Le Président Ruto a annoncé une nouvelle directive organisant les activités des commerçants étrangers au Kenya, après que le pays d’Afrique de l’Est a restreint l’accès aux marchés locaux à certaines petites entreprises détenues par des étrangers, suscitant de vives inquiétudes et faisant craindre des violences xénophobes.
Le gouvernement a depuis précisé que cette directive ne constituait pas une interdiction générale faite aux ressortissants étrangers d’exploiter de petites entreprises. Les autorités ont indiqué que l’ultimatum de 90 jours permettrait aux commerçants concernés d’obtenir les documents d’immigration, les permis de travail, les immatriculations d’entreprises et les licences requis par la législation kényane.

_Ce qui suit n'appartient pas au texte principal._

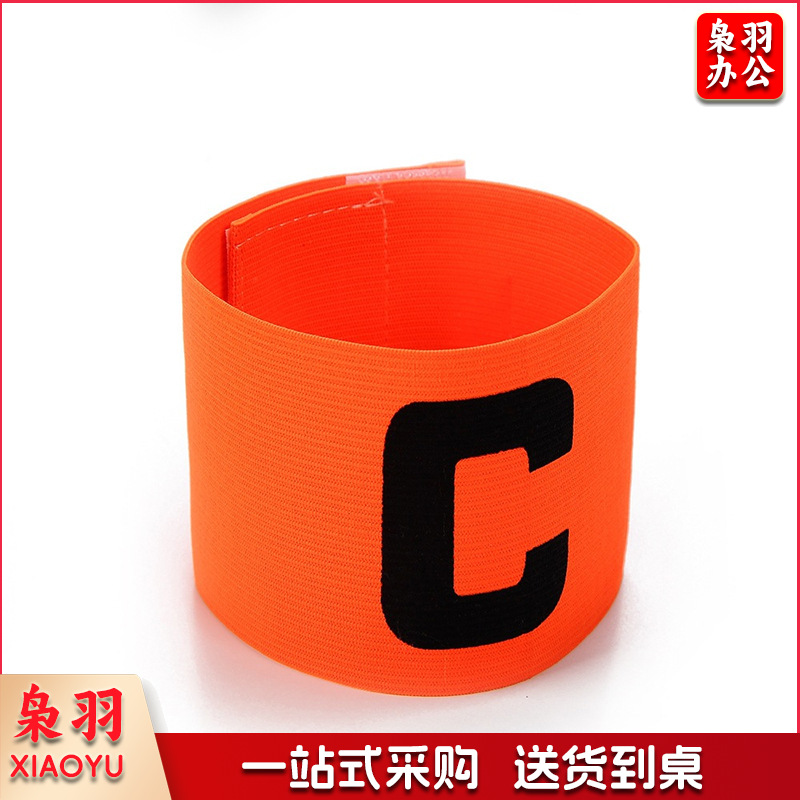 队长袖标儿童足球队长袖标 足球训练器材 分队分组袖章c袖标（队长袖标【桔色】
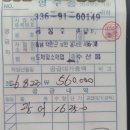 2026.8.23.(일) 동서트레일 회비 정산 이미지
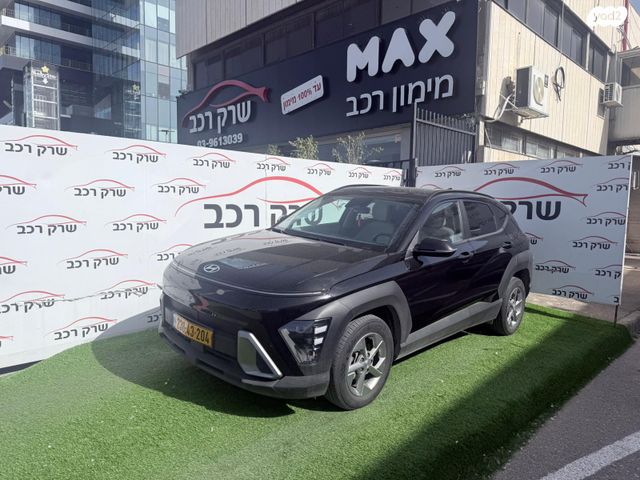 יונדאי קונה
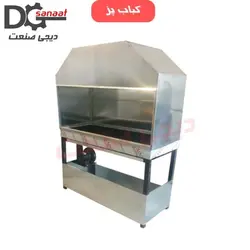 کباب پز ذغالی 2 متری | خرید به قیمت تولیدی | دیجی صنعت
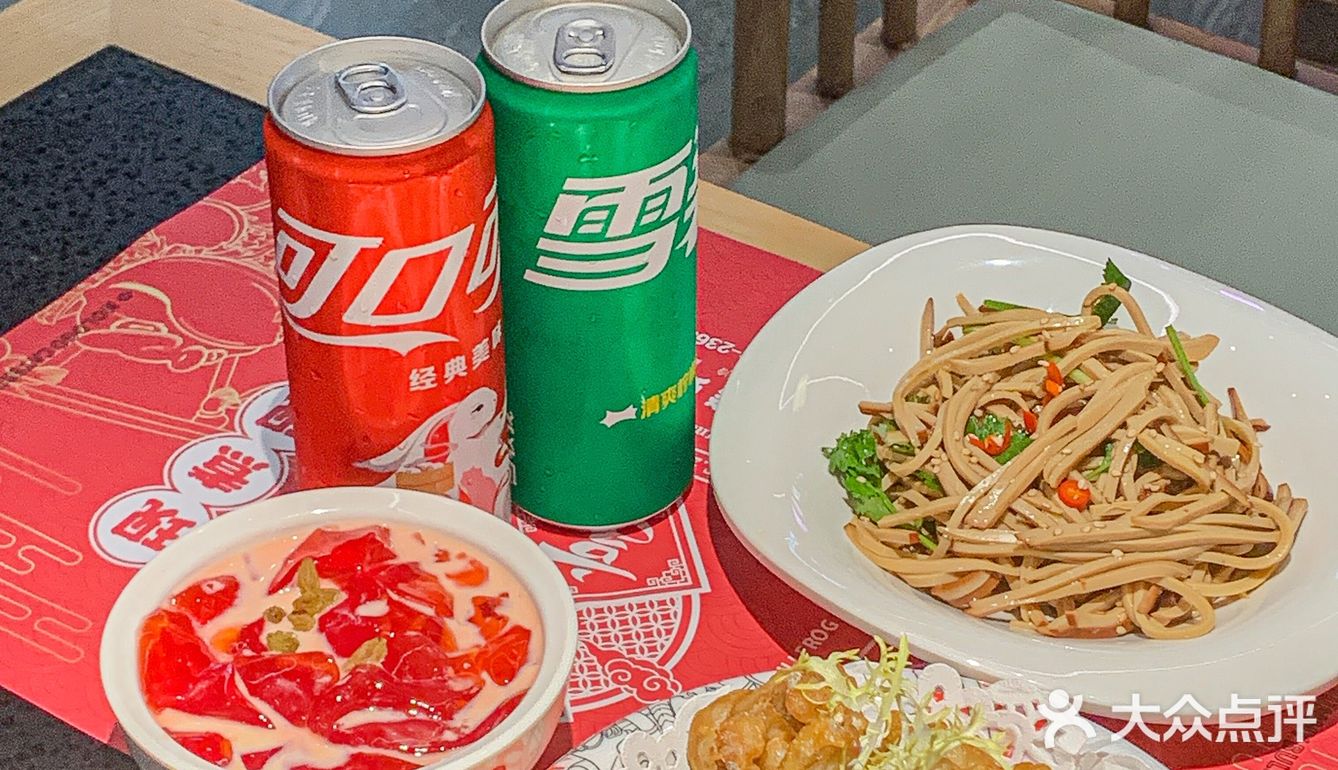 是谁还没吃过臻享无招牌牛蛙🐸的新口味‼️‼️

Le Kenya accueille d’importantes communautés de migrants et de réfugiés originaires des pays voisins, notamment du Burundi, dont beaucoup dépendent du commerce informel pour subvenir à leurs besoins.
Les 90 prochains jours permettront de déterminer si les commerçants concernés pourront obtenir les documents nécessaires pour poursuivre leurs activités ou s’ils seront contraints de fermer leurs commerces et de quitter le pays.
Cette clarification n’a toutefois que partiellement rassuré certaines communautés de migrants, notamment les Burundais, qui sont fortement représentés dans l’économie informelle du Kenya.
Des centaines de personnes se seraient rassemblées à l’ambassade du Burundi au début de la semaine dernière pour demander de l’aide en vue de leur rapatriement, sur fond de craintes d’arrestations ou d’expulsions forcées.
Les services de William Ruto ont indiqué que le gouvernement mettrait en œuvre, durant cette période de 90 jours, un processus de régularisation ordonné afin de s’assurer que les ressortissants étrangers disposent des documents requis pour vivre et exercer une activité commerciale au Kenya.
Le ministre kényan des Affaires étrangères, Musalia Mudavadi, a affirmé que le Kenya restait ouvert à la participation étrangère aux activités économiques, qu’il s’agisse de petites ou de grandes entreprises, à condition que les migrants respectent les exigences en matière d’immigration, d’emploi et de licences.
« Le Kenya ne met pas en œuvre une interdiction générale visant les ressortissants étrangers exerçant des activités commerciales à petite échelle, mais cherche à garantir que leur participation soit conforme au Protocole du Marché commun de la Communauté d’Afrique de l’Est et au droit national applicable », a déclaré M. Mudavadi.
Il a présenté l’approche du gouvernement comme une mesure réglementaire et non discriminatoire.
La directive initiale de M. Ruto avait suscité des inquiétudes quant au risque que le renforcement des contrôles expose les communautés de migrants à des actes de harcèlement ou à des attaques xénophobes. Les autorités kényanes ont cherché à apaiser ces craintes en soulignant que les éventuelles mesures porteraient sur le respect des lois en vigueur et non sur la nationalité.
Le Kenya est membre de la Communauté d’Afrique de l’Est (EAC), dont le Protocole du Marché commun prévoit la libre circulation des travailleurs ainsi que le droit d’établissement dans les États membres.
Ces droits restent toutefois soumis aux exigences nationales en matière d’immigration, de permis de travail et de licences commerciales, dont l’application n’a pas toujours été uniforme.